I tried just pasting that path into the Run Program: path but I get the: Spawning child process error.

Is it possible to use this shell instead on Windows Emacs?

  • Are you able to use the Windows bash subsystem independently from Emacs? I think that's the first step as there is some configuration required (I believe, may have changed in more recent Win10 versions).
    – glucas
    Commented Nov 15, 2017 at 16:04
  • Yes. Ubuntu, on Windows 10 runs as a separate program. In fact, I can't run it from within emacs
    – Startec
    Commented Nov 16, 2017 at 8:06
  • Related to stackoverflow.com/questions/42346758/…
    – jmlorenzi
    Commented Aug 17, 2018 at 9:44

5 Answers 5


In my .emacs I first define a function like so

(defun my-bash-on-windows-shell ()
  (let ((explicit-shell-file-name "C:/Windows/System32/bash.exe"))

and I call at the bottom using:


Note that Emacs shell mode does not handle the default colored prompt very well, however changing my PS1 to:

PS1='\u@\h:\w\$ '

in my ~/.bashrc gave me a nice readable prompt.

  • I like this answer. However, I have noticed that after I kill the shell running the instance of Bash with exit then Ctl-x-k I can't open Bash again. The shell is empty and any input is just echoed back to the screen. Do have you this issue?
    – Startec
    Commented Apr 15, 2018 at 23:22
  • I've not noticed this, although I did do something slightly different - "(global-set-key [f9] 'my-bash-on-windows-shell)". I can type "exit" and the bash shall and restart it via F9 whenever needed. Commented Mar 4, 2019 at 17:35
  • One other caveat to get this working - on a 64-bit version of Windows 10, the 64-bit version of Emacs must be installed (if you're using the Chocolatey package manager then "choco install emacs" will work just fine). Some other emacs Windows builds out there are 32-bit, which won't allow this to work. Commented Mar 7, 2019 at 18:01
  • The .emacs configuration can be simplified to a single line (no function needed): "(setq explicit-shell-file-name "C:/Windows/System32/bash.exe")". M-x shell will then open bash instead of cmd.exe. I also found I had to update the prompt (PS1) for reliability.
    – Digicrat
    Commented Feb 22, 2020 at 4:16
  • That works for me.
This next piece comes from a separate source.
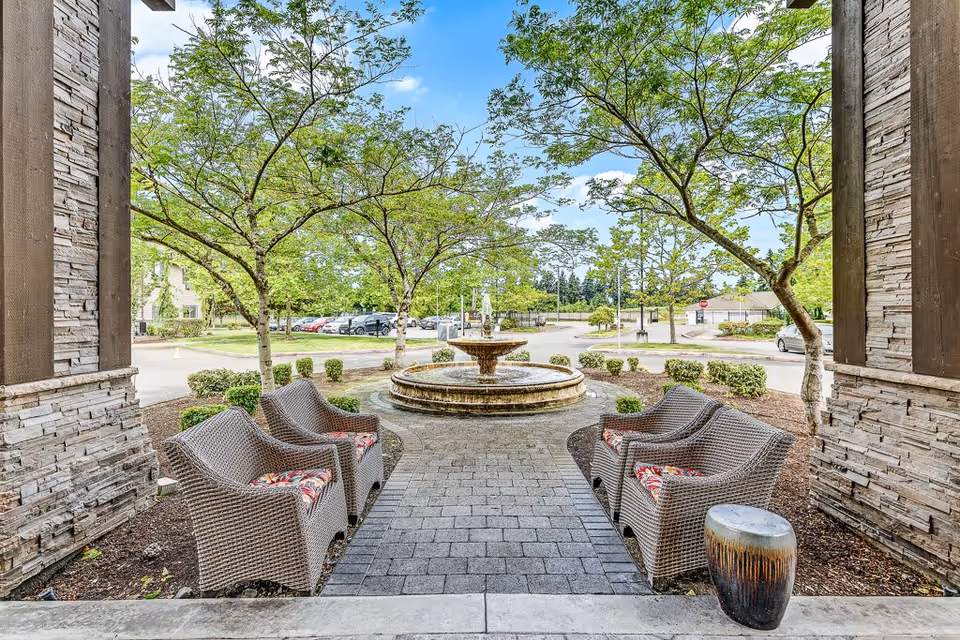 Outdoor seating area with four wicker chairs featuring floral cushions arranged around a paved pathway leading to a circular stone fountain. The area is framed by two stone pillars and surrounded by trees and shrubs under a blue sky with scattered clouds.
I recommend adding (interactive) as the second line of the defun to make the function a command (invokable from M-x).
    – Hugues
    Commented Mar 26, 2022 at 5:51

Windows Emacs cannot pass pseudo terminal device file to inferior bash/zsh, which is required for such shells to work interactively. There is a software called "fakecygpty" that provides pseudo terminal to Emacs inferior shell. (https://github.com/d5884/fakecygpty/) You can use that for Windows Emacs to work with MSYS2 shells.
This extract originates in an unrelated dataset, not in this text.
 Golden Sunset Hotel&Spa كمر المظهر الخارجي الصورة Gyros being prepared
I can get it to run M-x term using /windows/system32/bash.exe in Cygwin emacs-w32 (c: is my Cygwin root), but my issue is that the prompts are not displayed. Note that the environment looks almost exactly the same except extra directories /mnt/c/Windows/System32:/mnt/c/usr/local/bin:/mnt/c/bin:/mnt/c/lib/lapack in $PATH.

  • Does this answer the question? You don't really say how you "can get it to run...". Is the lack of prompts the only problem you see? A little more info/clarification could help.
    – Drew
    Commented Dec 26, 2017 at 21:42
  • Assuming that the question is about running bash.exe from the Windows version of emacs as opposed to a Cygwin version running on Windows, this doesn't seem to work - it just gives a "spawning child process invalid argument" error. Commented Mar 4, 2019 at 17:38

Windows 10 is supposed to have Bash built into it. If you are using Windows 10, I am sure that it is possible. https://msdn.microsoft.com/en-us/commandline/wsl/install_guide . It seems that there is also this if you are using other versions of Windows. https://sourceforge.net/projects/win-bash/?source=navbar . I have never used either of these, because I only use Windows at work. Good luck.

  • If you have an older version of Windows (pre 10) and Cygwin installed, then you may be able to adapt Bas Bossink's answer to invoke Cygwin instead of the WSL Bash prompt. I suspect the "win-bash" route would be less supported going forwards. Commented Mar 4, 2019 at 17:42

This doesn't answer the your exact question, but instead of that, I run Emacs in WSL+X11. Then you get everything you expect in Linux, including bash, and easy access to both your Windows and Linux drives.